THE BEGINNING of this project coincided with an oil boom in the West. In June 1980 we were heading back to Yukon, having just photographed oil-field workers on the rig that is visible through the windshield of the car, when we came across a man walking along Interstate 40 with his bedroll on his shoulders. We slowed down to get a closer look and ask him a few questions. He said his name was Bill Curry. Avedon asked to take his picture, and he got in the car. We drove a few miles to a cafe, where the assistants taped up the white paper.
While the camera was being set up, Curry and Avedon talked. Curry said he was always on the move; he never stayed in any town for long. At night he slept outside on the ground. "I can hear a blade of grass move," he said. "I'm never completely asleep. I always keep a knife." Avedon felt that Curry looked like a character out of a Eugene O'Neill play. Curry reminded him of Edmund Tyrone in Long Day's Journey Into Night, who says to his father, "I will always be a stranger who never feels at home, who does not really want and is not really wanted, who can never belong, who must always be a little in love with death."
IT WAS 107 DEGREES IN Sweetwater—hotter still by ten to twenty degrees inside the aging gypsum plant built half a century earlier. Jimmy Lopez had been at work since seven in the morning, lifting one-hundred-pound bags of gypsum plaster off packing machines and onto a hand truck. The air inside the plant was white with gypsum dust, and the noise of the machines was deafening.
During the portrait session, Avedon said very little, simply a word or two to encourage Lopez. The plant superintendent was pressed into service to shield the sheet film from the sun. Lopez, worn out from an eight-hour shift, concentrated with astonishing discipline. He clenched his fists and tried not to sway out of focus. It wasn't until the end of the session, after Avedon thanked him, that he admitted to almost fainting from the sun's glare, the hot wind, and the strangeness of the situation.
WHEN WE MET RICHARD WHEATCROFT, in 1981, he was 24 and ran the cattle ranch his grandfather had put together starting in 1914 with a homestead allotment of 320 free acres. His grandfather continued to buy land during the Depression and in times of drought from hard-up neighbors who couldn't pay their back taxes.
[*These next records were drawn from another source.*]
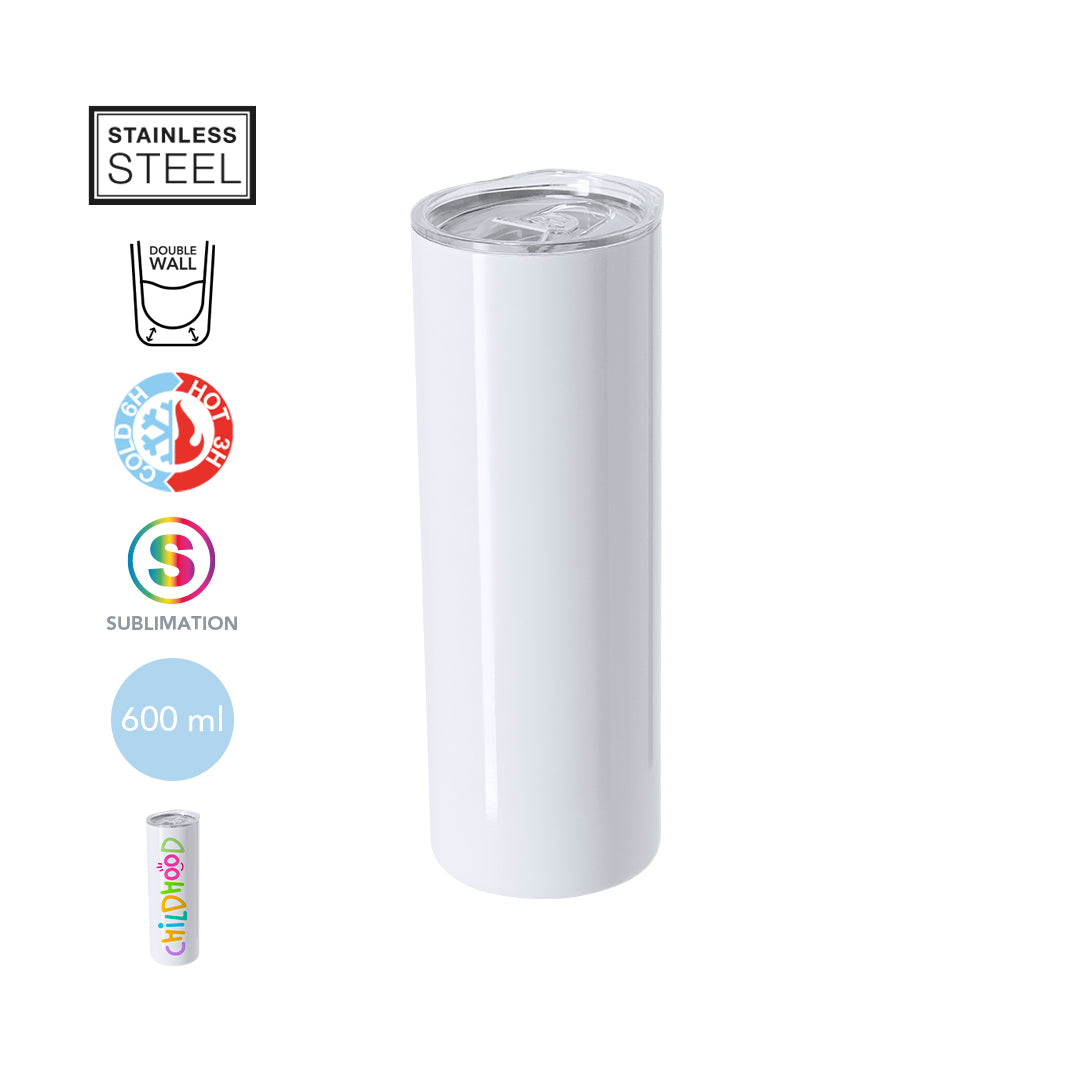 Vaso térmico 600 ml de acero inoxidable doble pared para sublimación, regalo promocional reutilizable para empresas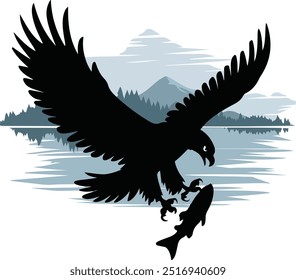 Minimalist Eagle Silhouette Vector Design with Smooth Edges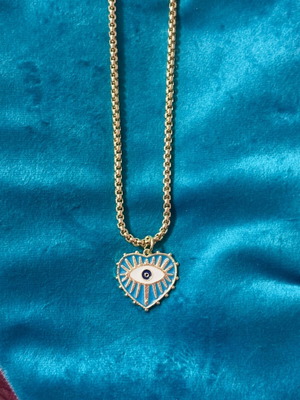Gold necklace with blue eye heart pendant, new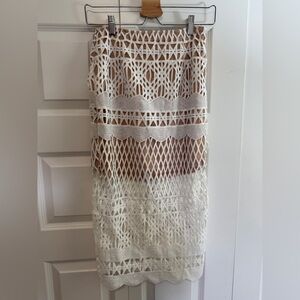 Forever 21 White Crochet Midi Skirt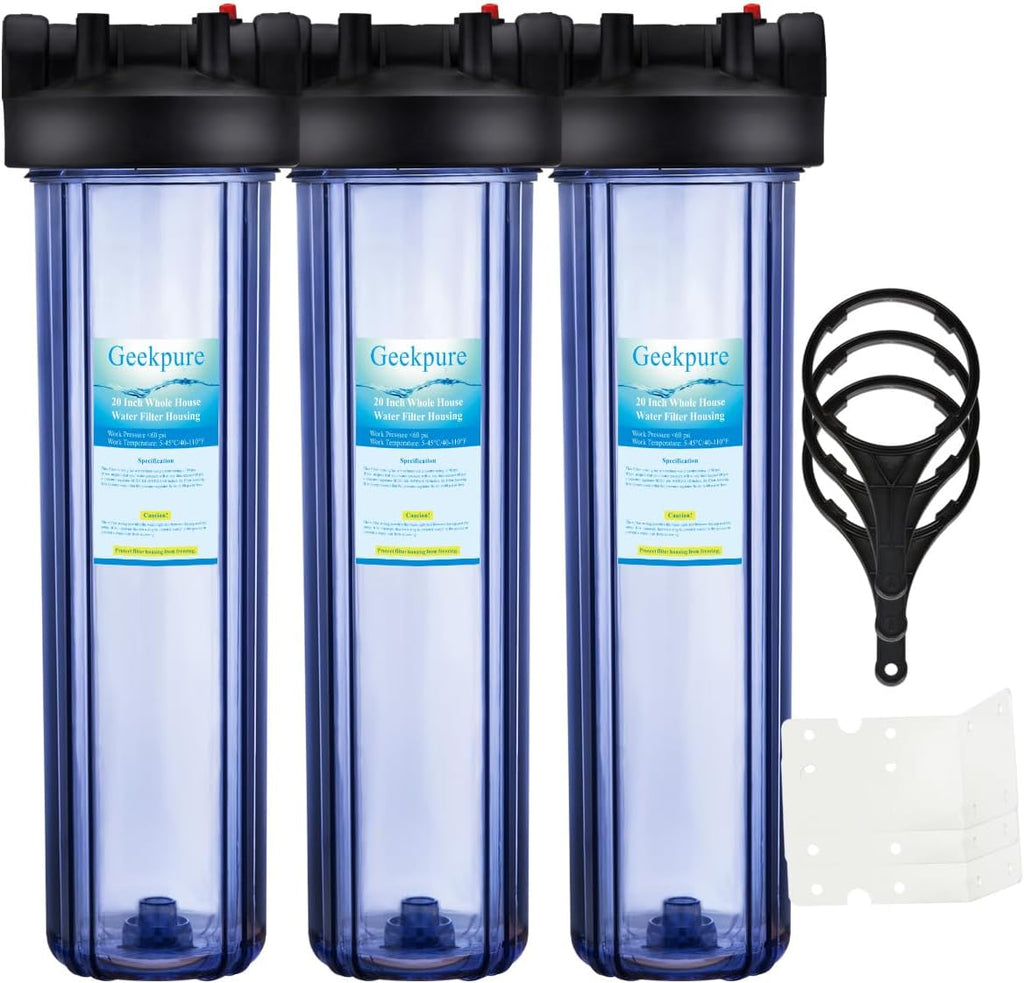 Geekpure 20 Inch Clear Whole House Water Filter Housing with Wrench Bracket -4.5' x 20' - 1' NPT Brass Port -Pack of 3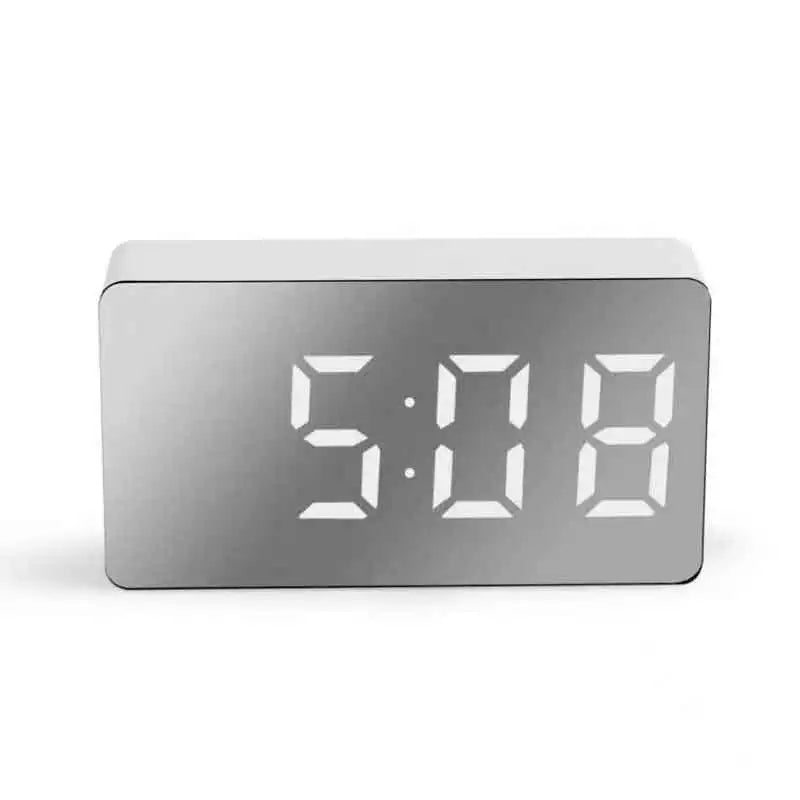 White LED Mirror Alarm Clock – USB-Powered, Snooze & Night Light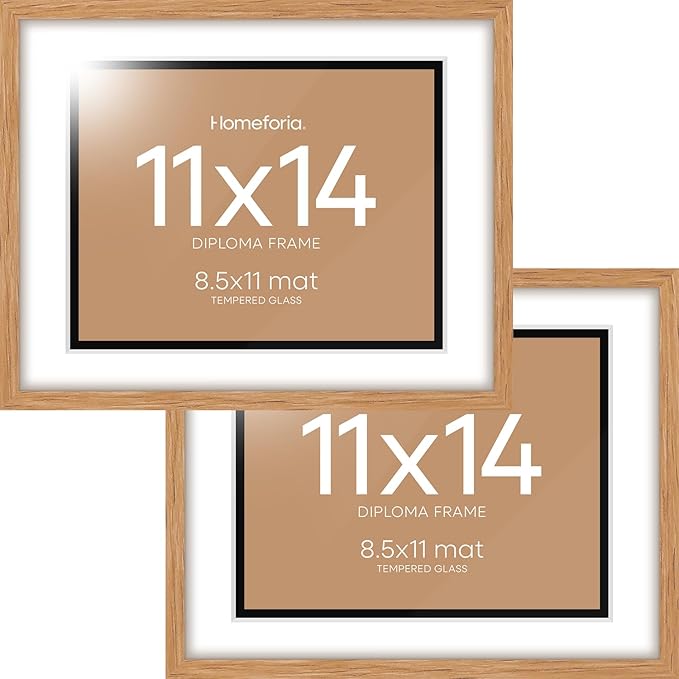 Homeforia 11x14 Diploma Frame Wood, High End Natural Oak 11 x 14 Certificate Frames with Mat 8.5x11, 11 by 14 Wooden Document Matted Frame, Award Graduation Frames, Tempered Glass, Wall Kit, Set of 2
Some of the land was bought for as little as 25 cents an acre.
In 1978 Richard found his father crushed to death under a tractor, and the responsibility of running the 15,000-acre ranch near Jordan fell to him. Avedon photographed Richard four times over six years. His story deeply affected Avedon, so in the spring of 2003, just before his eightieth birthday, he and I returned to Montana. The rains had been heavy, and the unpaved roads leading to the Wheatcroft ranch were, for our rented car, impassable. We arranged to meet Richard at a cafe in Ingomar, a town of about fifteen buildings on the windswept plains of eastern Montana, and we had a long, poignant conversation that lasted through the afternoon. I took some pictures of Richard and Avedon. Then we said our good-byes and started the long drive back to the airport in Bozeman. Looking out the window of the car, Avedon said, "We come and we leave. We take our pictures and go. I feel we're deserting him. I wish I'd never stopped photographing the people we met. I wish I could have stayed with the project my whole life."